Connecting to Twitter API
There are different ways to connect to the Twitter API (application program interface). But one of the easiest ways is to apply Twitter API key and install Twython, a python module that makes the use of Twitter API less suffering. You can also try Tweepy, which is more comprehensive than Twython, but then you need to apply the OAuth access token, which is suggested but not required in Twython.
This book aims to minimize the programming work for a social scientist, so I will go for Twython in this chapter. But you are encouraged to try various different things after you are becoming more sophisticate - you can even try to write your own module.
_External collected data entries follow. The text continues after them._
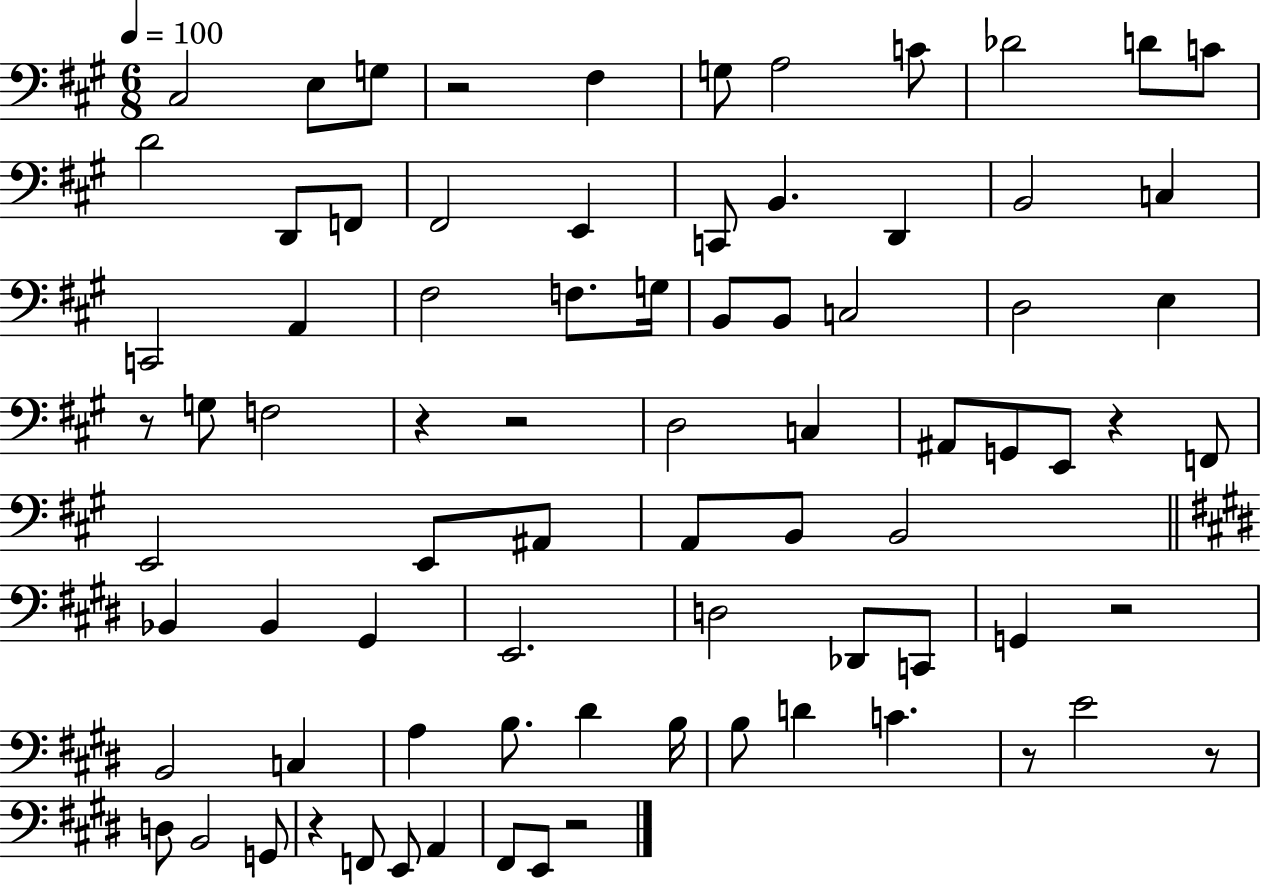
{
  \clef bass
  \numericTimeSignature
  \time 6/8
  \key a \major
  \tempo 4 = 100
  \repeat volta 2 { cis2 e8 g8 | r2 fis4 | g8 a2 c'8 | des'2 d'8 c'8 | \break d'2 d,8 f,8 | fis,2 e,4 | c,8 b,4. d,4 | b,2 c4 | \break c,2 a,4 | fis2 f8. g16 | b,8 b,8 c2 | d2 e4 | \break r8 g8 f2 | r4 r2 | d2 c4 | ais,8 g,8 e,8 r4 f,8 | \break e,2 e,8 ais,8 | a,8 b,8 b,2 | \bar "||" \break \key e \major bes,4 bes,4 gis,4 | e,2. | d2 des,8 c,8 | g,4 r2 | \break b,2 c4 | a4 b8. dis'4 b16 | b8 d'4 c'4. | r8 e'2 r8 | \break d8 b,2 g,8 | r4 f,8 e,8 a,4 | fis,8 e,8 r2 | } \bar "|."
}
Install Twython at first, and then you can import it together with other modules.
import time, random
from twython import Twython
As mentioned, to connect to Twitter and milk data, you will have to apply a pair of key and secret from here. Using the assigned key and secret, you can initialize a connector to download the stream data of tweets.
Initialize a Connector
Consumer_Key = 'your own key'
Consumer_Secret = 'your own secret'
twitter = Twython(Consumer_Key, Consumer_Secret)
After you initialize the connector, you are good to go for the data stream - just imagine how you connect to gas pump using nozzle and "download" gas to your own tank. Simple, right ? But be aware of the rate limits and try not to hit it.
Search Tweets by Keywords
def getTweets(keyword):
t = twitter.search(q=keyword, result_type='popular')
time.sleep(random.random())
d=[[i['user']['name'],i['text'],i['created_at'],i['user']['followers_count']] for i in t['statuses']]
return d
keyword = '#hillaryclinton'
t = getTweets(keyword)
In the above codes, we define a very simple function to search tweets that are relevant to our keyword. Check the manual of Twython and you will find other more advanced data collection functions, such as getting the real-time stream of tweets or searching tweets by location or user. There are also parameters in these functions that allows you to set the duration/quantity of data collection.
The above figure shows a slice of data we got from Twitter. Besides the tweet text, we also get user names, the published time of tweets, and the number of followers of those users. You may want to save the download data for future analysis:
Save the downloaded Tweets
f = open('.../tweets.txt', "wb")
for i in t:
try:
f.write('\t'.join(i)+'\n')
except:
pass
f.close()